--- SOURCE MATERIAL Enclosed Below ---

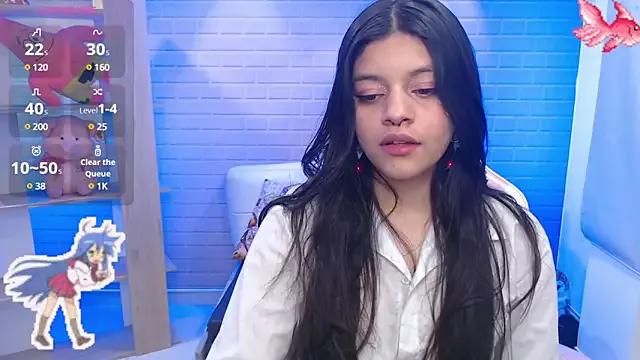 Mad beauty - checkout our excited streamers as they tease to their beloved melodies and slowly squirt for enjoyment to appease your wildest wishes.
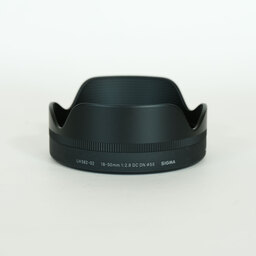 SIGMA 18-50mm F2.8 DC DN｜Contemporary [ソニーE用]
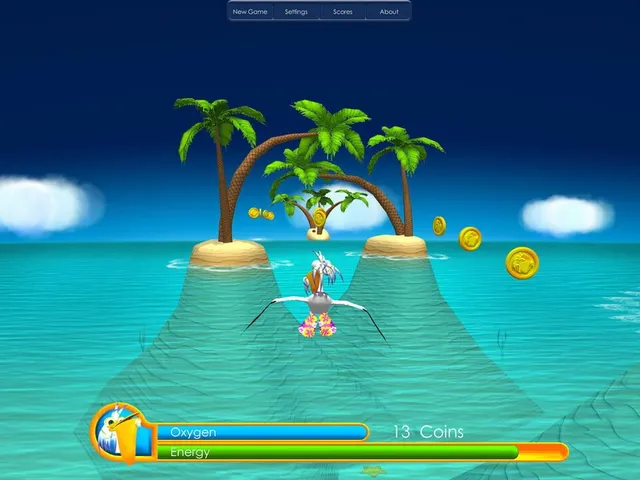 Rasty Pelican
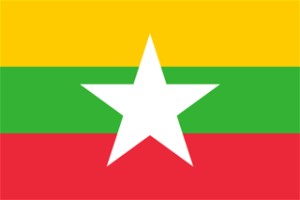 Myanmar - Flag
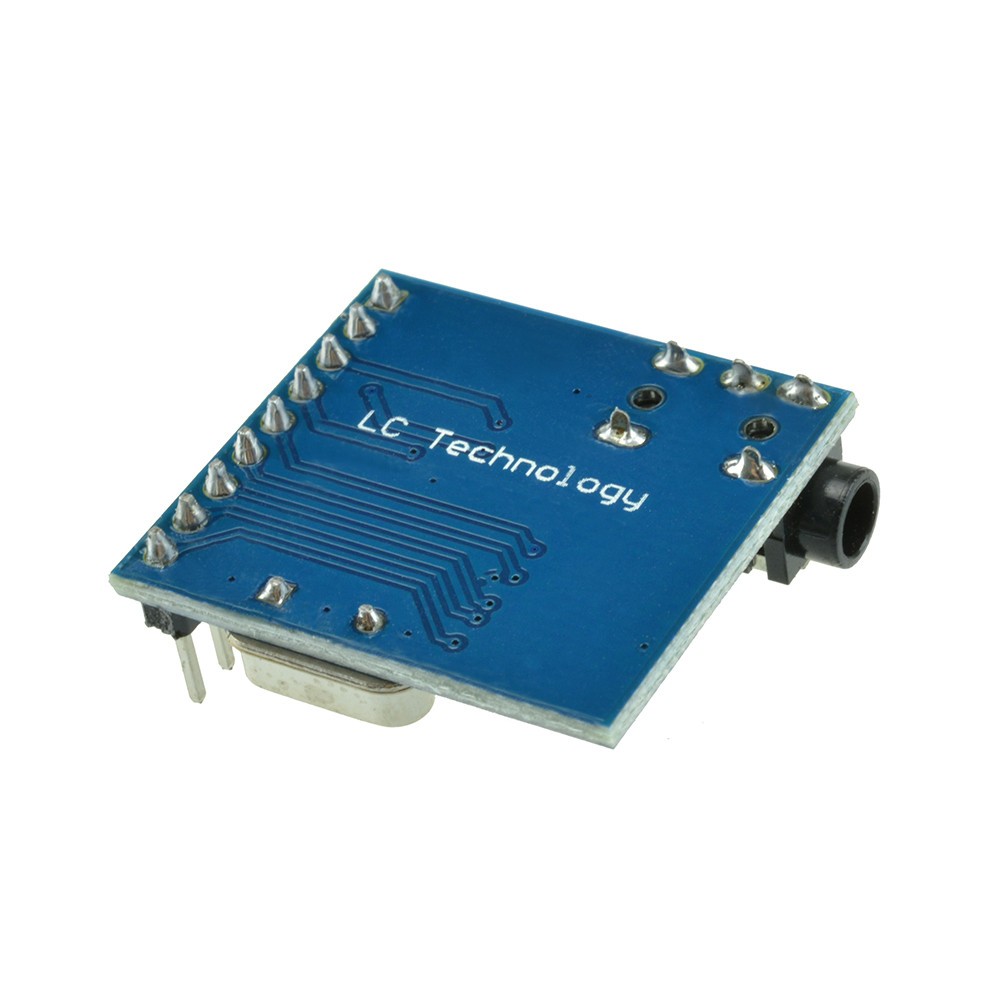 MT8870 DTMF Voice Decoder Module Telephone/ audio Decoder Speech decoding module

--- End of Enclosed SOURCE MATERIAL ---
--- SOURCE MATERIAL Enclosed Below ---

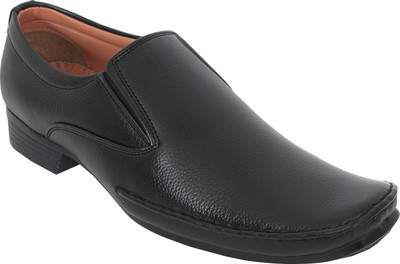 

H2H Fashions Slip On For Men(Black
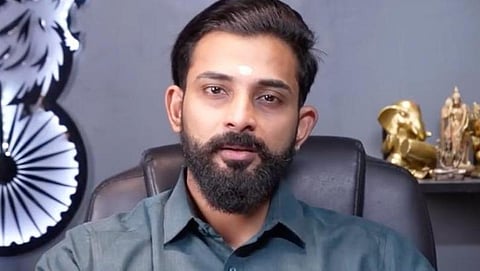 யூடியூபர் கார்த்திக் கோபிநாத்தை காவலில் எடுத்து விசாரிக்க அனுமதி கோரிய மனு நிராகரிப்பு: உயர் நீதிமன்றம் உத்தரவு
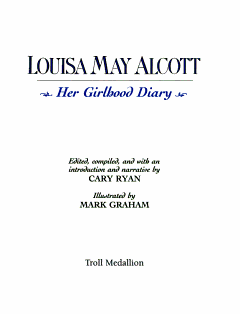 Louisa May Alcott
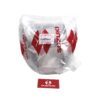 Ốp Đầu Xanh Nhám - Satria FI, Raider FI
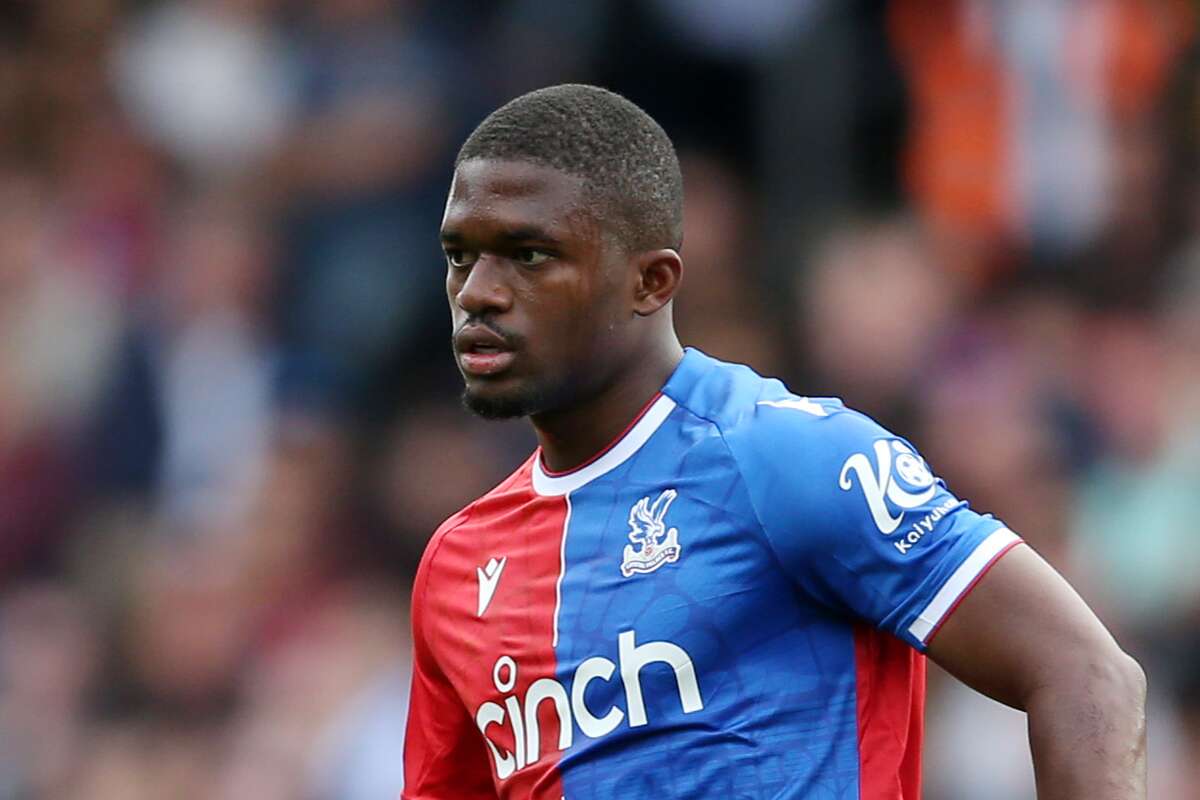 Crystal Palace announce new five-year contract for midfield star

--- End of Enclosed SOURCE MATERIAL ---
--- SOURCE MATERIAL Enclosed Below ---

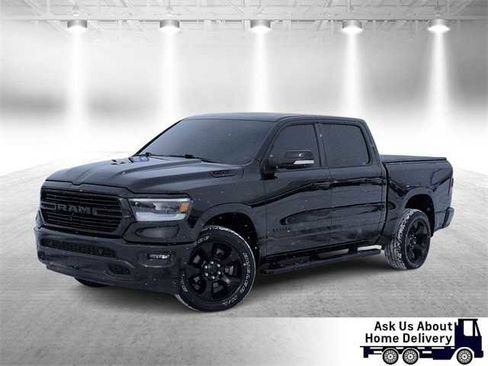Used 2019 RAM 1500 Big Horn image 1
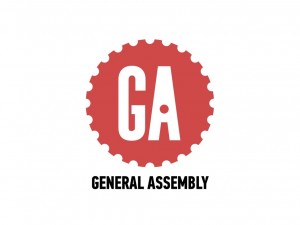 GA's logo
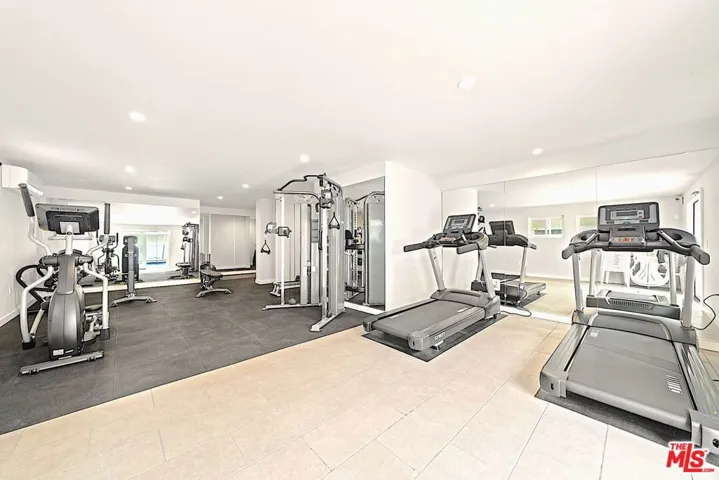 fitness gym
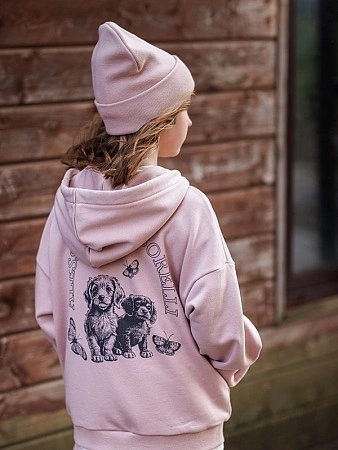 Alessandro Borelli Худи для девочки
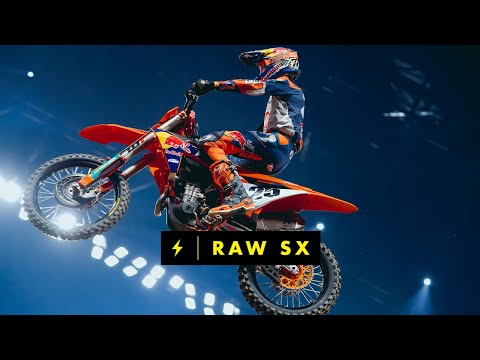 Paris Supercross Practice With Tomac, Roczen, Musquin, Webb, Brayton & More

--- End of Enclosed SOURCE MATERIAL ---

EXERCISE INSTRUCTIONS: Above are records; repeat only the lines from the line with "Mad beauty - checkout" through the line with "MT8870 DTMF Voice", and leave pictures out.

WRITTEN RESPONSE:
 Mad beauty - checkout our excited streamers as they tease to their beloved melodies and slowly squirt for enjoyment to appease your wildest wishes.
 SIGMA 18-50mm F2.8 DC DN｜Contemporary [ソニーE用]
 Rasty Pelican
 Myanmar - Flag
 MT8870 DTMF Voice Decoder Module Telephone/ audio Decoder Speech decoding module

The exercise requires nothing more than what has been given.